In the face of rightist miscreants, liberals have since learned to treat appeals to national identity as a threat to the cosmopolitanism they like to think they hold dear – even though it is often a cipher for the universalism of money. But today, pushed relentlessly to join radicals as their ancestors once were, they are likely to offer their own form of nationalism in response. Indeed, they are already doing so. Liberals have called for “positive” accounts of national history against radical critics of enduring hierarchies. And liberals have offered their own spin on the programmes of rightist adversaries, in domains such as immigration and trade. But what alternative do they have?

It should frighten liberals that in 1848 they helped awake – and could again – the demons of nationalist exclusion, as an inadvertent consequence of appealing to the nation for more universalistic purposes. No less a figure than Adolf Hitler could appropriate the legacy of 1848, travelling to Frankfurt 90 years later, after the Anschluss with Austria, to claim that he was fulfilling a “yearning” of the German uprising. You may hitch liberal emancipation to the nation, only to unleash devastating forces beyond your control.

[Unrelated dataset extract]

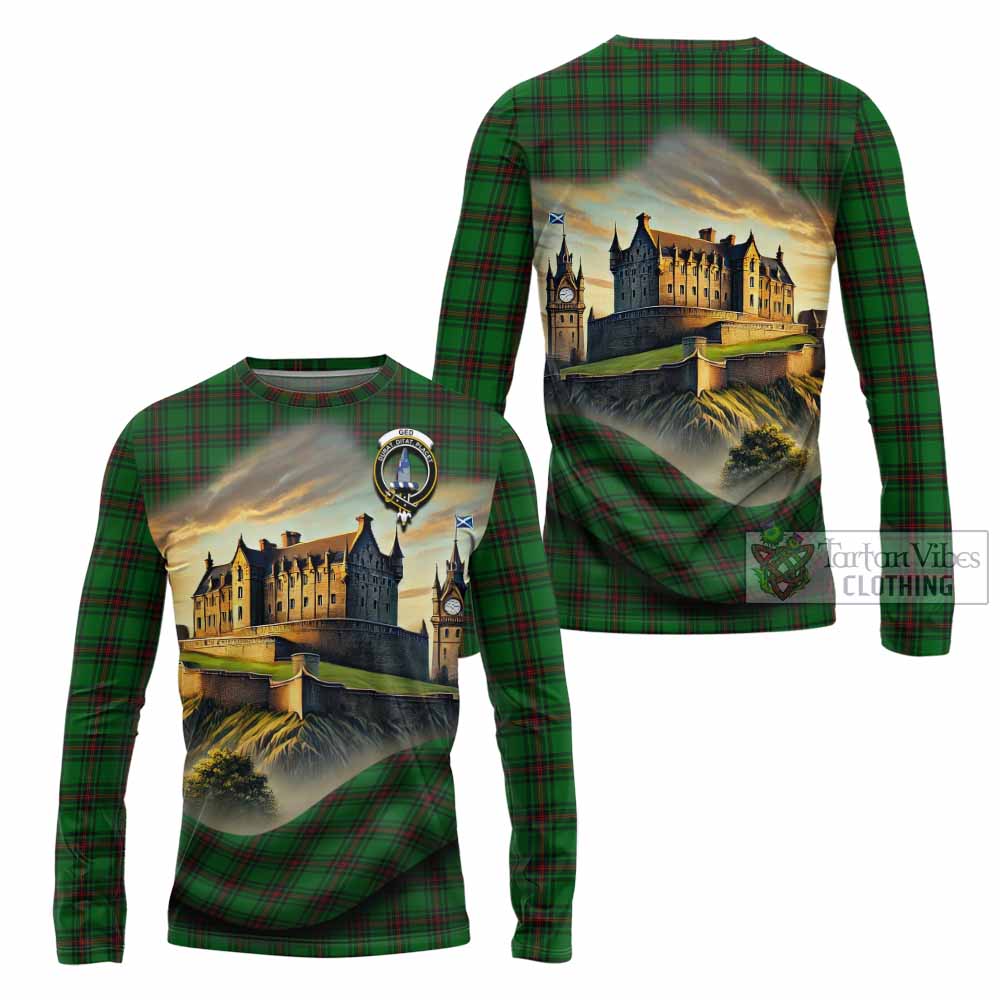 Ged Tartan Family Crest Long Sleeve T-Shirt with Scottish Ancient Castle Style - Tartan Vibes Clothing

Clark’s pioneering account emphasises that, in the face of a disruptive and sometimes economically radical set of foes, the right saw supra- or transnational strategies as their salvation. And as the revolutionary elan became entropic, liberals often reverted to their counter-revolutionary politics.

The Austrian reactionary-in-chief, Klemens von Metternich, had relied on an internationalist approach before 1848 – sitting like a spider at a vast web of diplomacy and intelligence. Before he fled Vienna in March that year, he suppressed discontent both within and outside his multinational empire, in order to protect a conservative European order that he hoped to see evolve rather than revolt. Metternich pioneered a conservative internationalism that has probably dominated the modern world (even as historians have preferred to look at liberal and radical cosmopolitanism) to construct what Clark nicely calls “an all-embracing system of tranquillity”. And after 1848, conservatives, like liberals appalled by where their choices had led, turned to the doctors of order without borders.

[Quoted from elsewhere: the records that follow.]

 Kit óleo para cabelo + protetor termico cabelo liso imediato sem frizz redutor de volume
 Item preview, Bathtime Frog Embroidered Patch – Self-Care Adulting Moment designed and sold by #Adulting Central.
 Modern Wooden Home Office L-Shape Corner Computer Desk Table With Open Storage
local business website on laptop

Much repression took place within challenged states and empires, not least in the bloody “June days” of Paris, when more than a thousand workers were killed. Having escaped the need to do so on its home islands, in 1849 Britain engaged in “exemplary brutality” in Cephalonia, an Ionian island it then controlled, where 21 Greek nationalists were hanged publicly and hundreds flogged into submission.

Clark’s narrative of conservative retrenchment in 1848-49 and the restoration of liberal connivance with it is masterful, but he emphasises that it reached beyond the borders of empire. The French assisted the pope in putting down Italian rowdiness, while Russia helped to return Hungarians to their Austrian cage. “The transnational revolutionary networks never mustered a power capable of fending off the threat posed by the counter-revolutionary international,” Clark concludes. Nor was this international exertion of power wholly through violence; in later years it continued as bureaucratic control.

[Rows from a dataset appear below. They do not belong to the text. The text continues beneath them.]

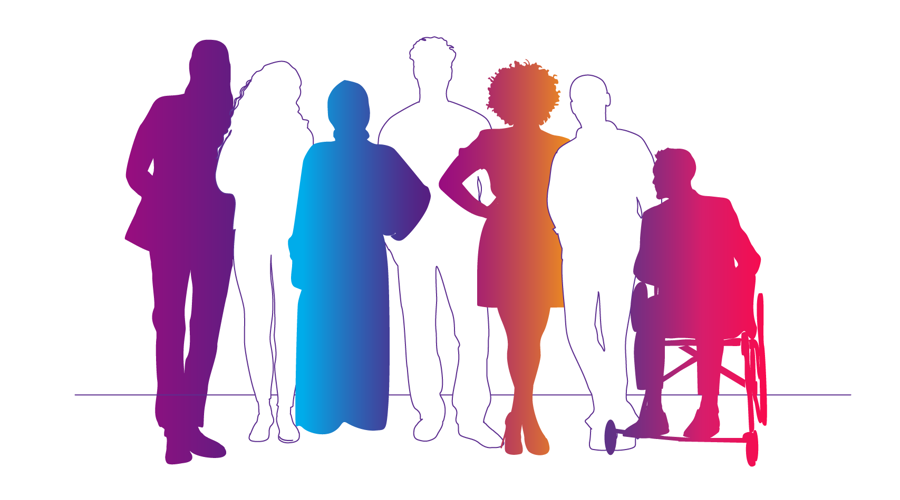 Een pictogram illusteert de diversiteit van een groep personen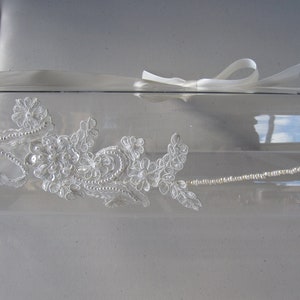 White Beaded Lace Flower Pearl Halo Headband with Ivory Satin Ribbon Tie, for Bridal, weddings, special occasions image 2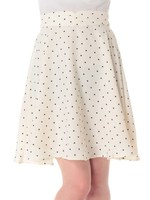 ドット柄フレアースカート/ネイビー柄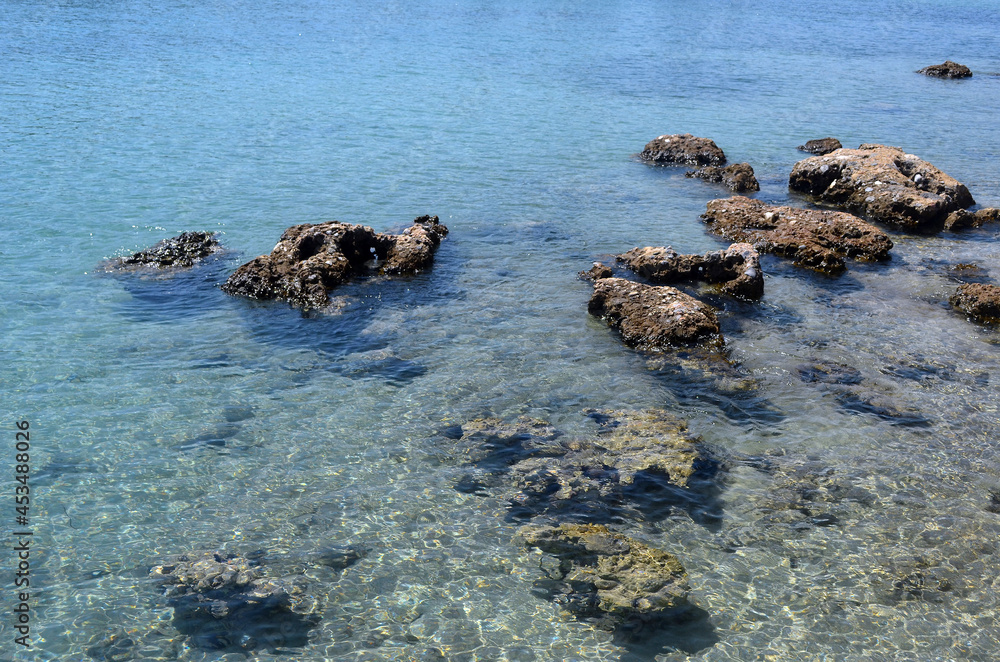 The coast of Mediterranean sea on the Turkish Riviera The coast of Mediterranean sea on the Turkish Riviera
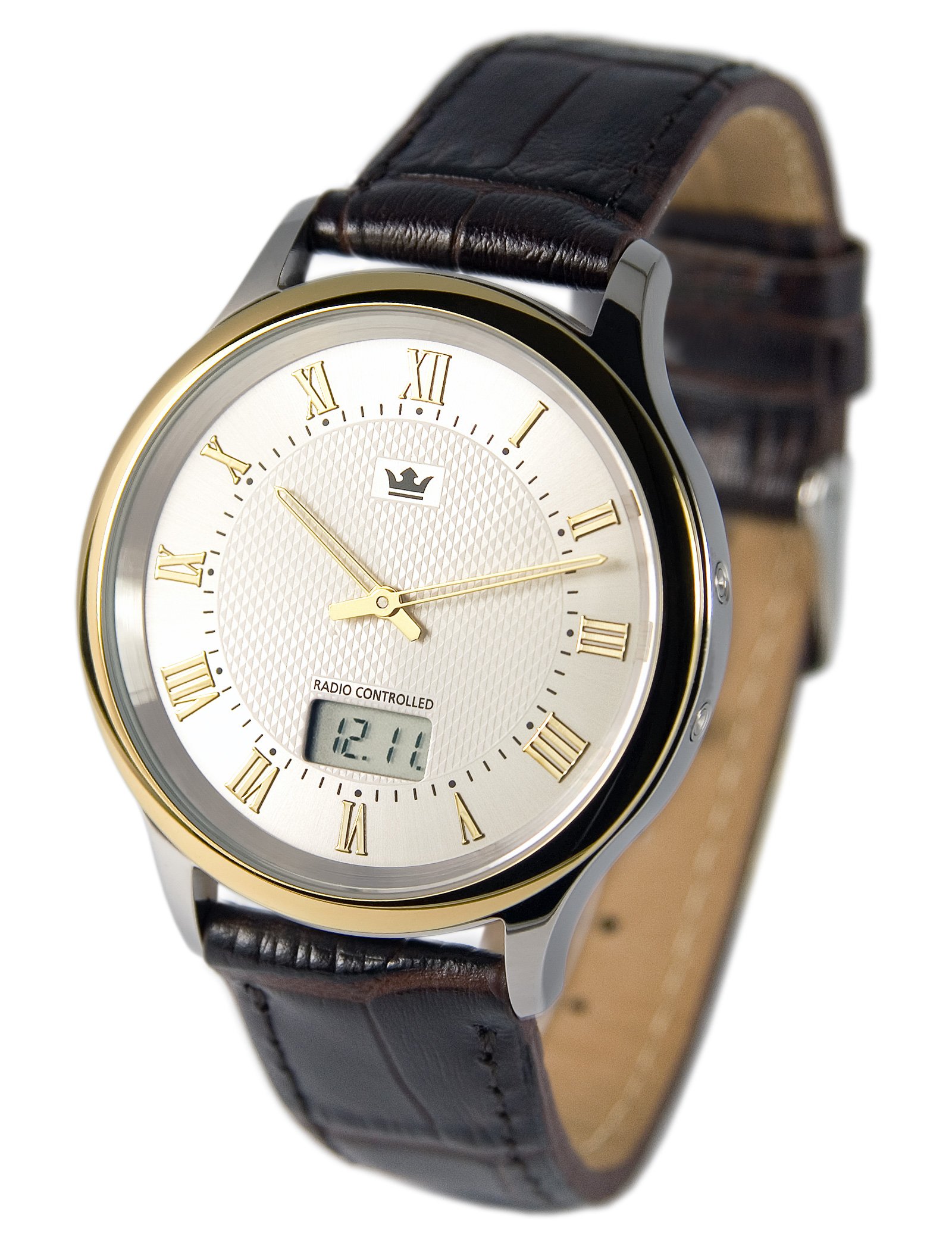 MARQUIS Herren Funkuhr, Bicolor, Braunes Lederarmband, Edelstahlgehäuse, Dornschliesse 983.4106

In her Cold War classic On Revolution, the philosopher Hannah Arendt offered a nostalgic portrait of the American founding of 1776, while denouncing what became of the revolutionary tradition that began in France in 1789. One had constituted liberty, in a neo-Roman spirit of reconstitution; the other, more orientated to clearing oppression and fulfilling wants, had led to blood-dimmed horror. Not much had changed since, Arendt thought. “Freedom has been better preserved in countries where no revolution ever broke out, no matter how outrageous the circumstances of the powers that be,” she commented.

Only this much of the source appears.